-- Input data follows --

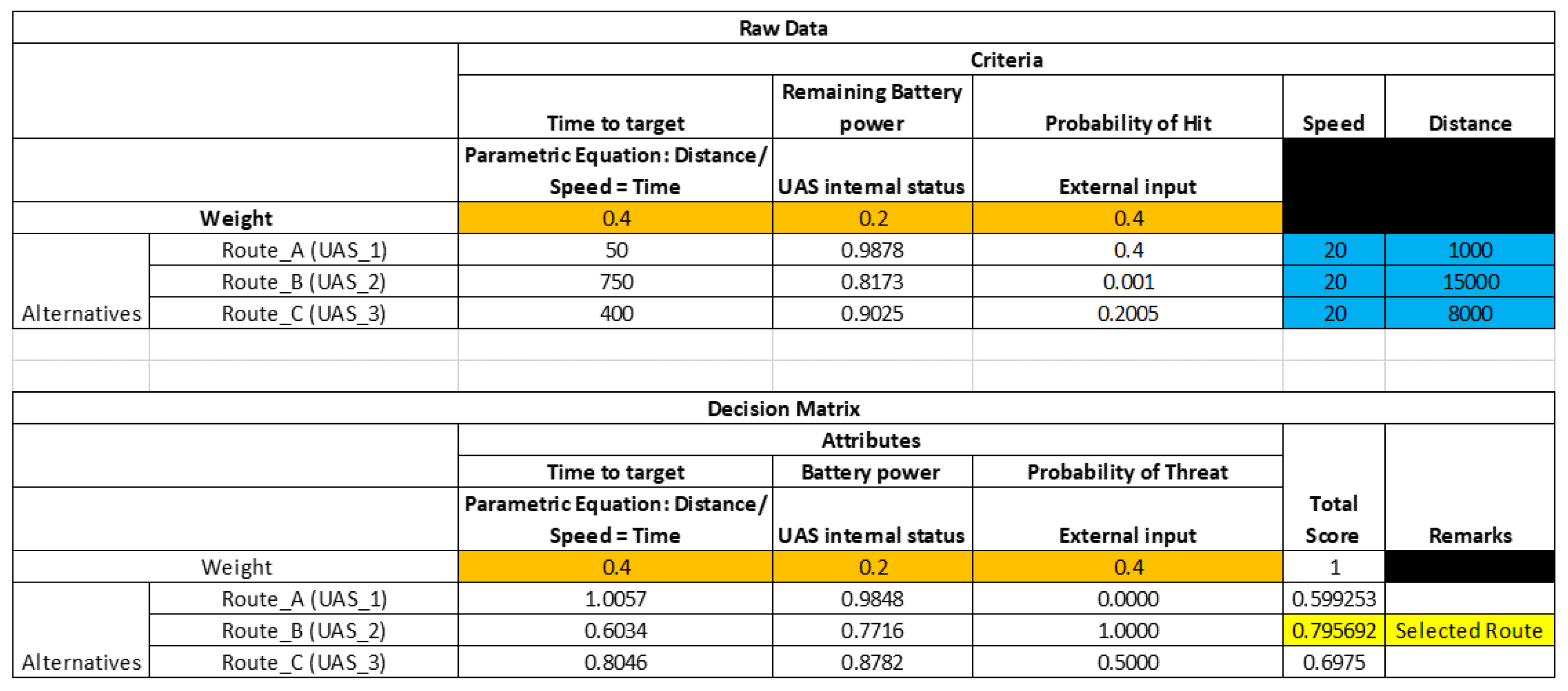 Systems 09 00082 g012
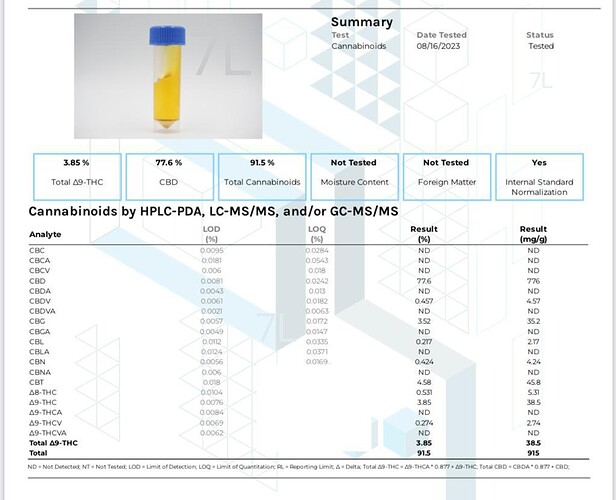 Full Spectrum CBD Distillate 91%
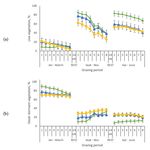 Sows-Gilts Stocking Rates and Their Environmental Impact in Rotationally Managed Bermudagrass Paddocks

-- Input data concluded --

Required action —
The material must be returned exactly, with its pictures omitted.

Written response —
 Systems 09 00082 g012
 Full Spectrum CBD Distillate 91%
 Sows-Gilts Stocking Rates and Their Environmental Impact in Rotationally Managed Bermudagrass Paddocks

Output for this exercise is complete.